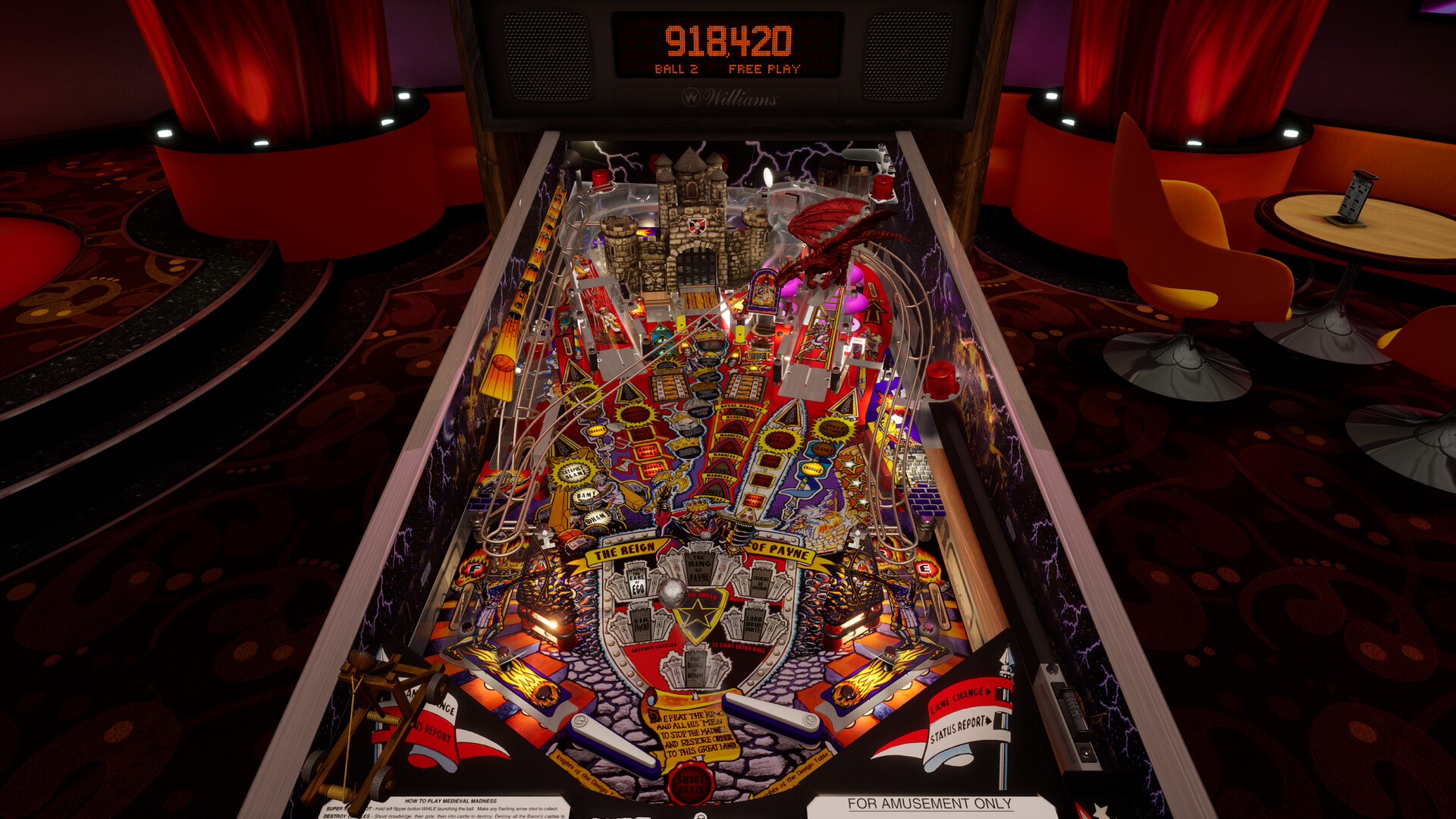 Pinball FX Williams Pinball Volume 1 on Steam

* * *

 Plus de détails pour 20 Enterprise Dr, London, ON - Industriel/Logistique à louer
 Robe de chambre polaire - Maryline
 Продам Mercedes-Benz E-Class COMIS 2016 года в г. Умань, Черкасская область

--

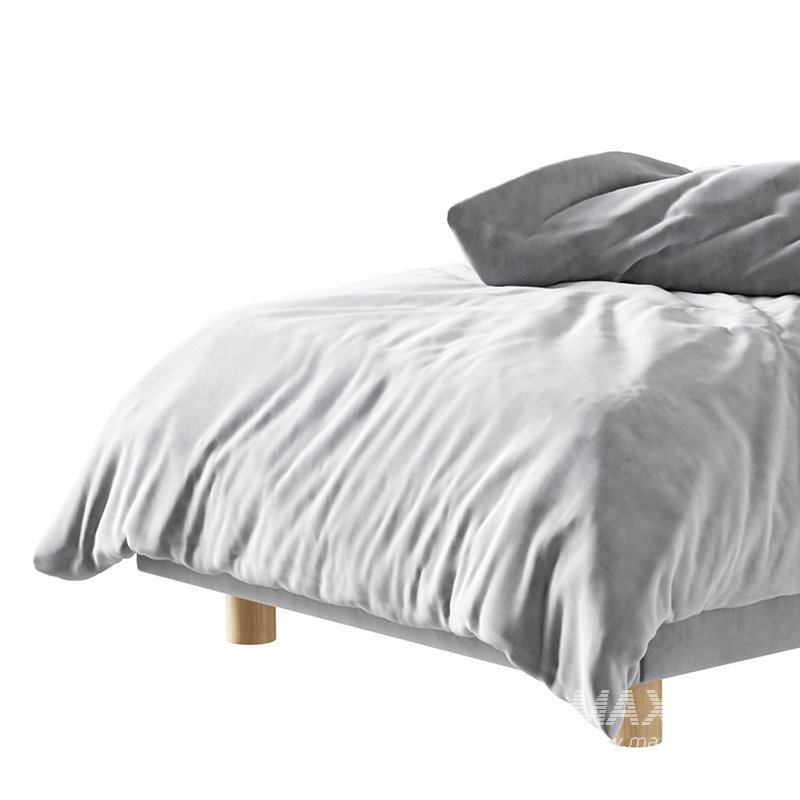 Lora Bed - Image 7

■ Task details: Please give back exactly the lines of the listing above that run from the one containing "Robe de chambre polaire - Maryline" through the one containing "Продам Mercedes-Benz E-Class", and only those.

■ Response box:
 Robe de chambre polaire - Maryline
 Продам Mercedes-Benz E-Class COMIS 2016 года в г. Умань, Черкасская область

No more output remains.